Sábado, 24 de agosto de 2019

Recuerdo solidario

Si la distancia ahoga el grito de la sangre, no es posible el milagro de la resurrección.

A personas que sufren la locura irracional de vesánicos matarifes, sin otra opción de supervivencia que abandonar su casa huyendo de la pólvora exterminadora y el plomo ciego, enlodados en cieno con el colchón a cuestas, hijos en brazos, corazón destrozado, encogido dolor y alma rota, sin delito alguno cometido ni causa que justifique su desdicha, enviamos un recuerdo desde la inalcanzable tierra de promisión. 

También a los seres humanos sin protección social ni asistencia sanitaria, empleados en extraña tierra para realizar esfuerzos que sólo a ellos se les pide, les acompañamos solidariamente en su doliente soledad, mientras realizan detestables tareas rechazadas en muchos casos por quienes piden su expulsión alegando injusta competencia y hurto laboral.

A los que se hacinan en Centros de Internamiento para extranjeros, “guantánamos”, en muchos casos, sin las más elementales condiciones de habitabilidad, que sienten en sus carnes el injusto arponazo del racismo y el mordisco de la xenofobia por cometer el delito de querer liberarse del hambre y la miseria, les hacemos llegar una palabra amiga.
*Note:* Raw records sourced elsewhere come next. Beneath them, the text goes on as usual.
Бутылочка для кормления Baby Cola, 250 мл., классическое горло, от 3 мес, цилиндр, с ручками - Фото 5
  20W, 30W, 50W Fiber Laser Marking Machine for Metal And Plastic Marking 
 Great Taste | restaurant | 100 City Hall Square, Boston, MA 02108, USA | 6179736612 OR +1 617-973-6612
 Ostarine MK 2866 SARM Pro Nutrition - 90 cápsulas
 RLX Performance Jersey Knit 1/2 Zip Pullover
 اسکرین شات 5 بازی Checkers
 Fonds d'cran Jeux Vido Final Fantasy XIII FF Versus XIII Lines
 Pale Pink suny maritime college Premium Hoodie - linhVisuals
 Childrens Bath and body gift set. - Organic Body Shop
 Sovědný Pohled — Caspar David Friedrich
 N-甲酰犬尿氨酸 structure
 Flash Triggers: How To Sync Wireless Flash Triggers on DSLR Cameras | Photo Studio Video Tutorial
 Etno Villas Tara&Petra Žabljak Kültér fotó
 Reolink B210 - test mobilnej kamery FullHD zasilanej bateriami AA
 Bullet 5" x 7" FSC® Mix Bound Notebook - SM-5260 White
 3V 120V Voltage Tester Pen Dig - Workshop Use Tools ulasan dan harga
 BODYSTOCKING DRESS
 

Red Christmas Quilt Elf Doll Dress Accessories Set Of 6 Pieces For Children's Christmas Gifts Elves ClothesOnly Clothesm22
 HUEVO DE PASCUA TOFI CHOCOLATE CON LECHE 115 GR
Nadie se juega la vida en una patera para hacer turismo. Nadie cruza el estrecho o el Atlántico en la bodega en un barco, si no es para sobrevivir. Nadie altera sus costumbres y cultura, si la hambruna no llama a la puerta. Nadie abandona su familia para refugiarse en la soledad de una habitación decorada con fotos de los que ama y paisajes de su tierra.

A  los dolientes refugiados desarraigados de su espacio natural y a los inmigrantes, enviamos un recuerdo con voz de ánimo, estrecho abrazo y mano amiga, que solo aspira a consolar su destierro con sonrisa de bienvenida, quienes gozamos de privilegios inalcanzables para ellos, pretendiendo aliviar nostalgias infantiles de fiestas navideñas en solitaria isla personal, lejos de su patria, su gente, su cultura y sus tradiciones.